§ **What you should do**:
From the material below, return exactly the lines starting at the one that holds "2Pcs Baby Girl" and ending at the one that holds "Unidade externa DVD-RW". Pictures stay out of the answer.

§ **Data for review**:
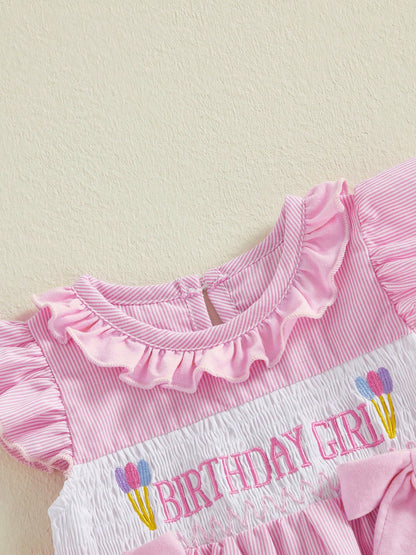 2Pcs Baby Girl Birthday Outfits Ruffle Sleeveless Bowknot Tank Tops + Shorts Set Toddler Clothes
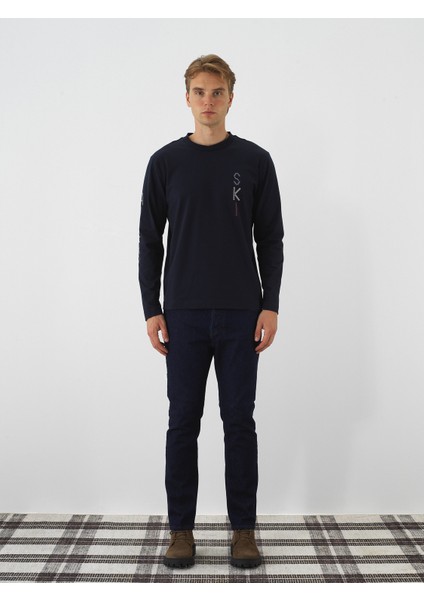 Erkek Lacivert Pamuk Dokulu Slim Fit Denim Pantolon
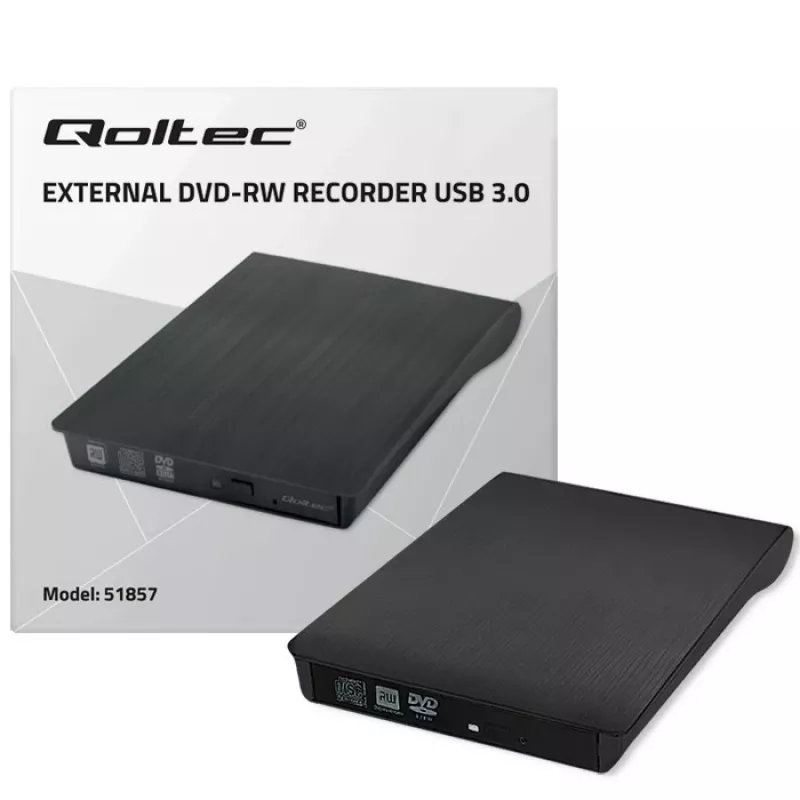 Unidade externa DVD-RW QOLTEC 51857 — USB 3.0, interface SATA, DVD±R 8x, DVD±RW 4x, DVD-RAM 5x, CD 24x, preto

...

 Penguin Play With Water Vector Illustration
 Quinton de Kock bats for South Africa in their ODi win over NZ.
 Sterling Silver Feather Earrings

§ **Solution for this problem**:
 2Pcs Baby Girl Birthday Outfits Ruffle Sleeveless Bowknot Tank Tops + Shorts Set Toddler Clothes
 Erkek Lacivert Pamuk Dokulu Slim Fit Denim Pantolon
 Unidade externa DVD-RW QOLTEC 51857 — USB 3.0, interface SATA, DVD±R 8x, DVD±RW 4x, DVD-RAM 5x, CD 24x, preto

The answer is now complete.